It was so good to know that we hadn't just been dumped by our personal trainer. I'm just not conditioned to deal with that kind of rejection anymore. One of the things I love about being married the knowledge that Husband has a financial incentive not to dump me. But still, I felt that something wasn't right. We had to remind P.T. again at the end of the session about the paperwork and then he almost had us leave without running our credit card. I even asked him if he was trying to break up with us, but in a sad joking-on-the-outside crying-on-the-inside way. I left wondering what had gone wrong. It had all seemed so right just days ago.

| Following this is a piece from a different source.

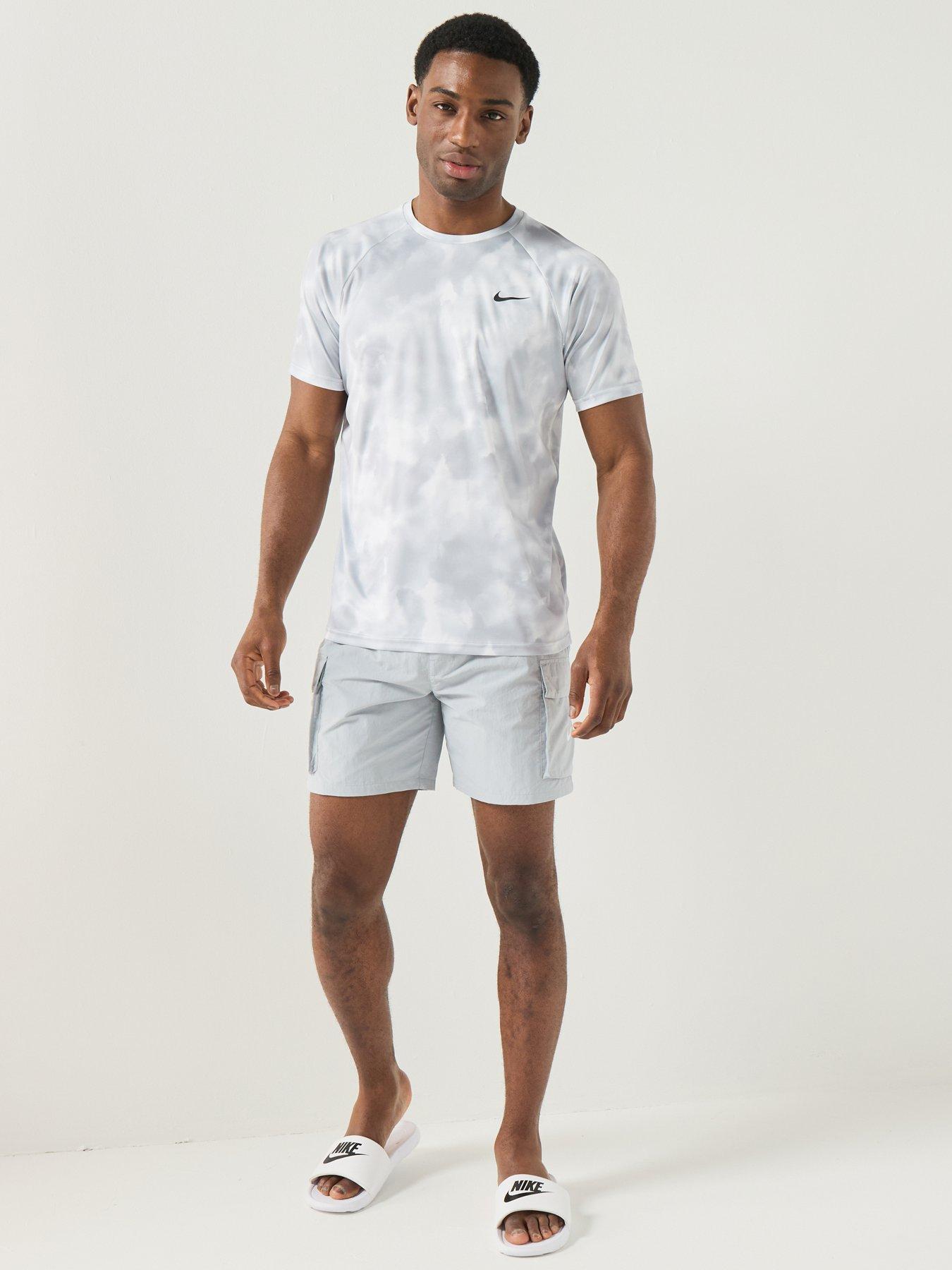 Image 3 of 5 of Nike Mens Short Sleeve Hydroguard T Shirt - Grey - White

On the way home I told Husband about my suspicion that P.T. just isn't that into us anymore. He said I was being absurd and mumbled something about how I shouldn't project all my personal ridiculousness on a business relationship, blah, blah, blah. But a woman knows. P.T. doesn't laugh at our jokes anymore. The witty banter is gone. It's like we are just going through the motions. I'm just not sure how long we can go on like this.

3 comments:

Anonymous said...

Hilarious.

~Parsingtime

Anonymous said...

I have to imagine it goes both ways...if your PT was a girl surely she would 'be out to sabotage your health and keep all the good men for herself'.

Wife said...

I'm glad you guys thing it's funny. Sad thing is, I didn't take much creative license. That was pretty much exactly how it all went down in my head.